**Data**
=== Section Start ===
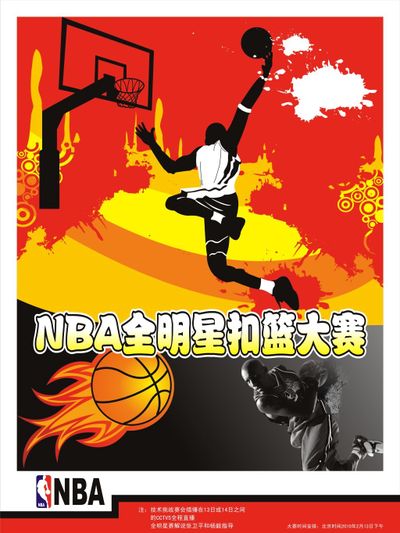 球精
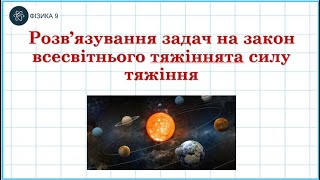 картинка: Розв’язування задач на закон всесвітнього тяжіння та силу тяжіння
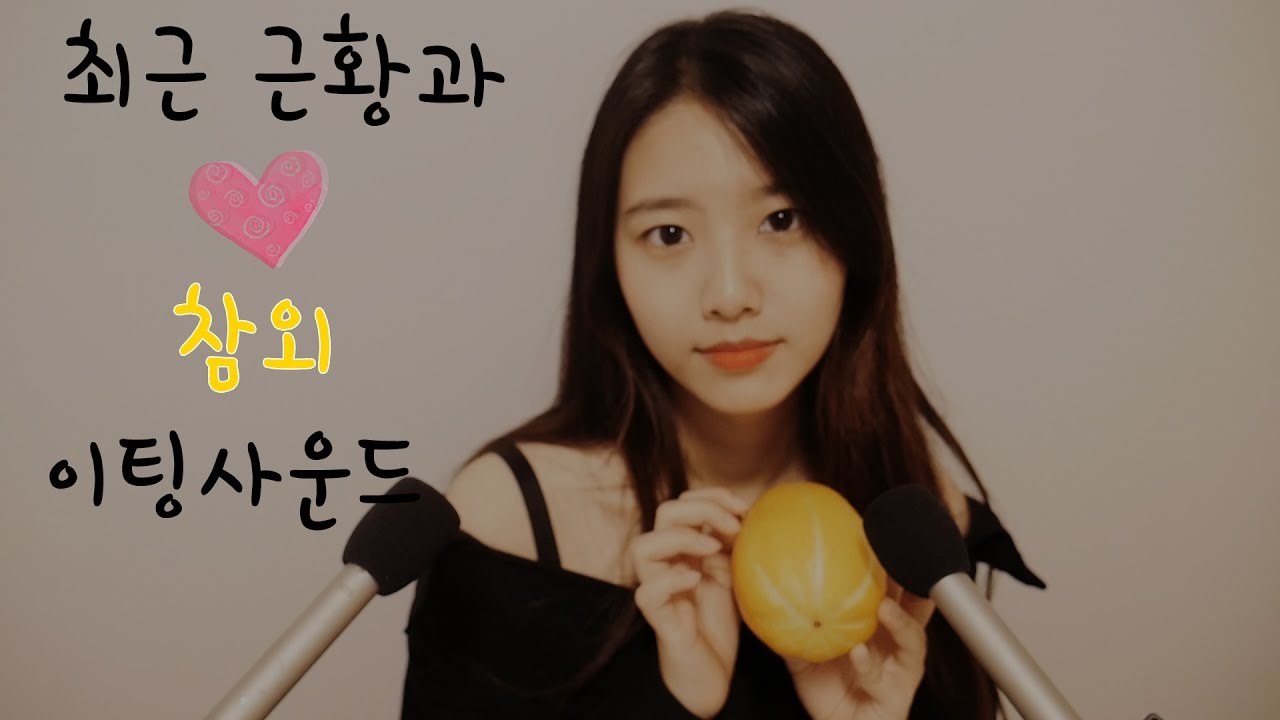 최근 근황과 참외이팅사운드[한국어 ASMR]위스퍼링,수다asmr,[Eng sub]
=== Section End ===
=== Section Start ===
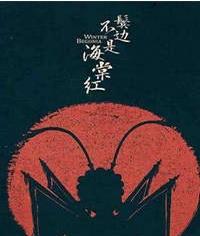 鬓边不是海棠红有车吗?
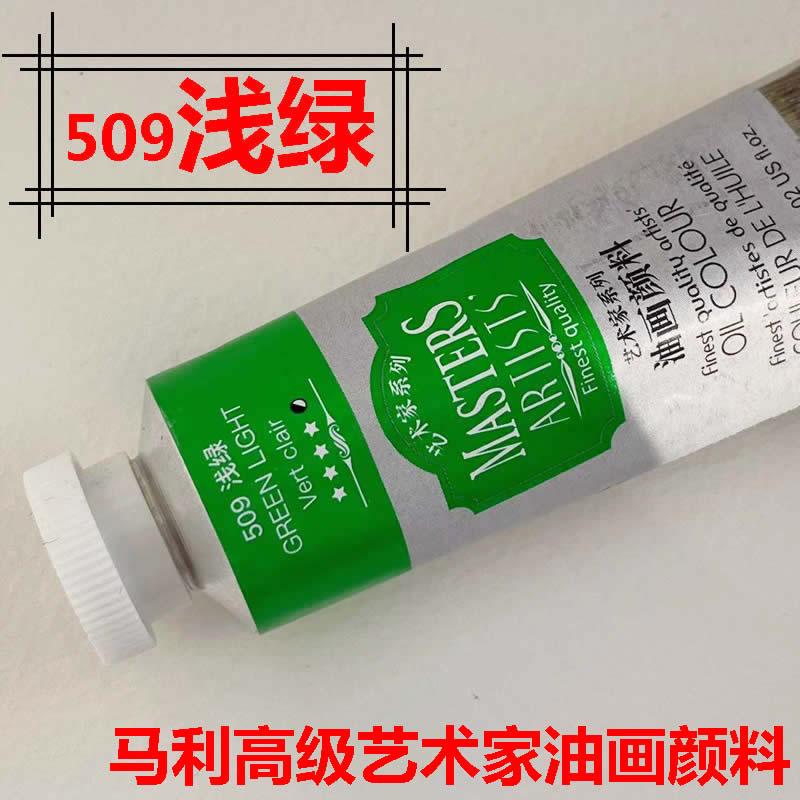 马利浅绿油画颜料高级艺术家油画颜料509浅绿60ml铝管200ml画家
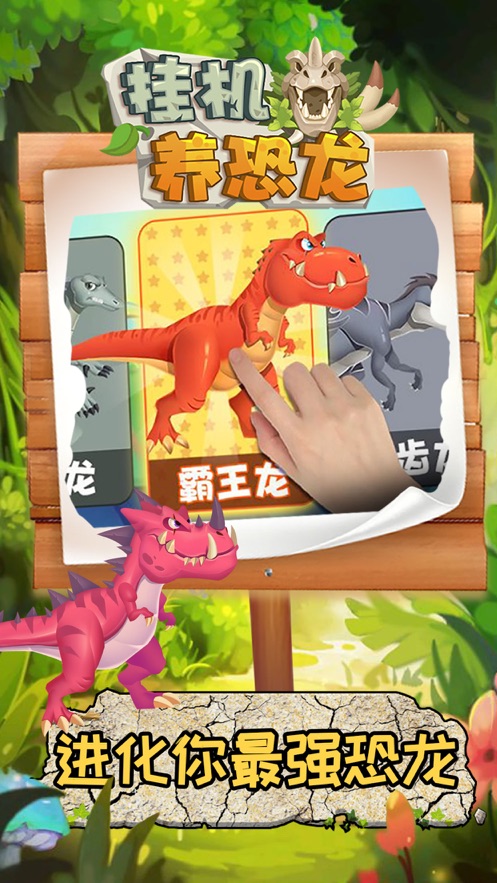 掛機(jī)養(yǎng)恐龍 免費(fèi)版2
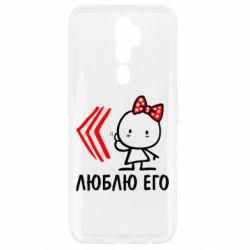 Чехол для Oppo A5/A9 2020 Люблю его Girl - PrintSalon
=== Section End ===
**Exercise prompt**
Could the stretch from the line with "掛機(jī)養(yǎng)恐龍 免費(fèi)版2" through the line with "Чехол для Oppo" in the listing above be restated word for word, minus the pictures?

**Response box**
 掛機(jī)養(yǎng)恐龍 免費(fèi)版2
 Чехол для Oppo A5/A9 2020 Люблю его Girl - PrintSalon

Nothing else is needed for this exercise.